3. IT’S OKAY THAT YOU DON’T HAVE ALL THE ANSWERS.
In the past few months, my cancer has spread and my prognosis has worsened. I don’t have answers to the whys and am past feeling that I need to have a spiritual response to all these difficult questions. As we lead our churches somewhere between brokenness and redemption, our congregations and communities do not need all the answers. They need pastors who walk with them, grieve and lament with them, and model a hope that is rooted in the gospel during the most difficult of times. Many of our Old Testament heroes of the faith knew what it meant to lead while not having all the answers. Moses in Deuteronomy 29:29 wrote “the secret things belong to the Lord our God, but the things that are revealed belong to us and to our children forever, that we may do all the words of this law.” And we cannot forget Job in chapter 38 when God spoke “where were you when I laid the foundation of the earth? Tell me, if you have understanding.”

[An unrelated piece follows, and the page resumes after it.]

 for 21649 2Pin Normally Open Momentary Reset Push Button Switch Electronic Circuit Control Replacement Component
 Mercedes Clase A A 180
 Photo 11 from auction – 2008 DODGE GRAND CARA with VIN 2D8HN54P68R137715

4. MAKE ETERNITY A PRIORITY!
Church leader, when eternity becomes a priority, whether through study or through an unfortunate event, the sideways noise that so often consumes our attention (look no further than the past 2 years) can often become so overwhelming that it distracts us from our focus on Christ and eternity. Jesus in John 14 just finished informing his disciples of his impending death. Jesus, acknowledging their stress, fear, and anxiety over his news, reminds them to remember eternity and not to let their hearts be troubled. We must appeal for eternity in the hearts of those in our church; we must appeal for their security, hope, and affections to not be temporal, but to be eternal.

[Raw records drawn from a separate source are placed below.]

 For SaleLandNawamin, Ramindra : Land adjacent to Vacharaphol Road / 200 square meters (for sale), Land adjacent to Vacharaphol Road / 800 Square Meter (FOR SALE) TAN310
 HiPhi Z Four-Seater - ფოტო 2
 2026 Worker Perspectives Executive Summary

In elementary art class I created a little man made of clay. I will often carry him in my bag or my pocket as a reminder. He is a reminder and often an illustration of God’s goodness amid our brokenness. As you look at him, he is fragile, he lost his arm when he was little, his face is a bit distorted, and let’s just say this was his creator’s first time working with clay. But he belongs to me, he is precious to me, he is valuable! I created “Little Man,” as I call him; therefore, I love him. Little man outside the safe embrace of my hand, my pocket, or my shelf is not safe and should be fearful when he’s not with me. I have a much different perspective than he does.
The application should be apparent, and I close with this – while being broken and fragile, it is impossible for us to understand why and how God in His sovereignty acts, but we can always hold on to God as good because He created us. He sacrificially loves us. He is our affection for eternity. And finally, He is completing His good work in us (Romans 8:28, Phil. 1:6), even if it remains blurred to us during our times of earthly suffering.